Review: The Double

Released: 4th April 2014

Certificate: 15

Director: Richard Ayoade

Cast: Jesse Eisenberg, Mia Wasikowska, Wallace Shawn

Richard Ayoade delivers a complex and engaging adaptation loosely based upon Dostoyevsky’s 1846 novel. Transporting the 19th century Russian setting to a dank, soviet-esque dystopia casts the piece adrift from contemporary or historical reference points, setting the focus squarely on protagonist Simon James (Jesse Eisenberg), and effectively communicating to the audience a sense of his alienation. Simon James is a low-level but capable bureaucrat who struggles to distinguish himself due to the fact that no-one can ever quite remember who he is. When a new employee, James Simon (also played by Eisenberg) arrives, Simon James’ life begins to unravel.

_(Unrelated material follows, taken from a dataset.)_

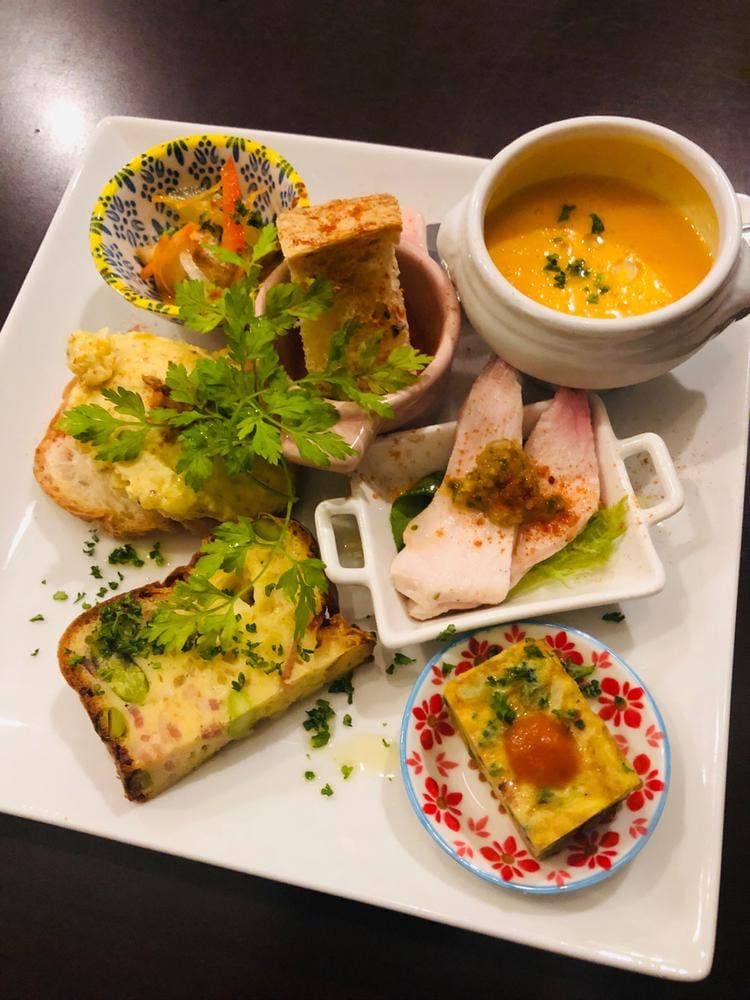 エ パタティ エ パタタ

The film may be adapted from Dostoyevsky, but the screenplay owes more to Kafka or Pinter than anything else. Everyone talks constantly at crossed purposes, and the world is not interested in allowing Simon James to get over his nerves long enough to blurt out an explanation or a protest. The cast deliver the dialogue with precision, with Eisenberg mastering both Simon James’ muttered protests and James Simon’s rapid-fire proclamations, and showing admirable flexibility and range. Delicious cameos from Craig Roberts, Sally Hawkins and Chris Morris provide moments of genuine levity, while the interactions between Eisenberg’s Simon James and the world around him walk a queasy line: you may find yourself giggling even as you grimace in frustration.

The film heavily features themes of suicide: Simon James witnesses a man jump to his death in the opening act, and self-harm, self-hatred and helplessness are spectres which frequently appear to haunt the characters. Dealing with such themes in a film which is ostensibly a comedy is tricky to pull off without being churlish, and fortunately the more serious elements are handled skilfully and sensitively. However, the gloom does at times become a little oppressive.

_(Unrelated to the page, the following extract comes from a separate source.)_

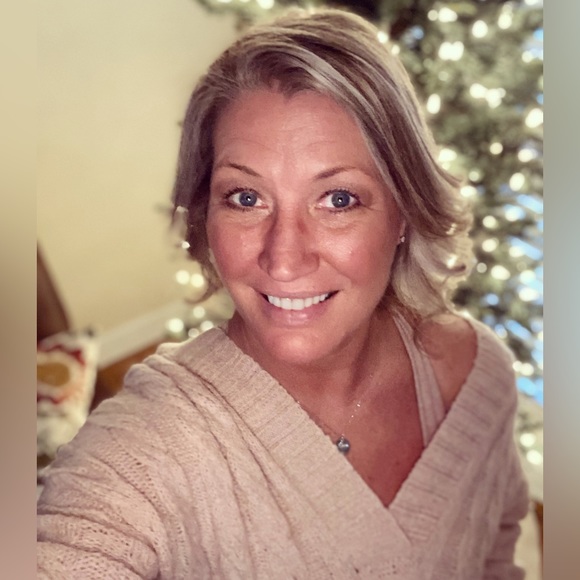 Meet your Posher, Jill - Picture 2 of 16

The Double is drenched in symbolism: blood, colour, and a ubiquitous eighties sci-fi parody TV show transect the narrative, serving, stifling and reflecting the events in turn. The setting oozes mystery at every turn: the exact nature of the company and the Colonel (James Fox) is tantalisingly ambiguous, and as Simon James’ mental health appears to crumble the viewer is left wondering whether they’re suffering at the hands of an unreliable narrator. The film never talks down to its audience, and even if you understand the mechanics of the head-scratching conclusion, you’ll be left wondering if really it meant something else.

Despite the speculative setting, The Double explores themes with perpetual relevance: loneliness, isolation, identity ad artifice, and questions the sense of a world in which one’s actual abilities matter less than self-promotion and ‘style.’ Some may struggle with the absurdist trappings but persistence is richly rewarded.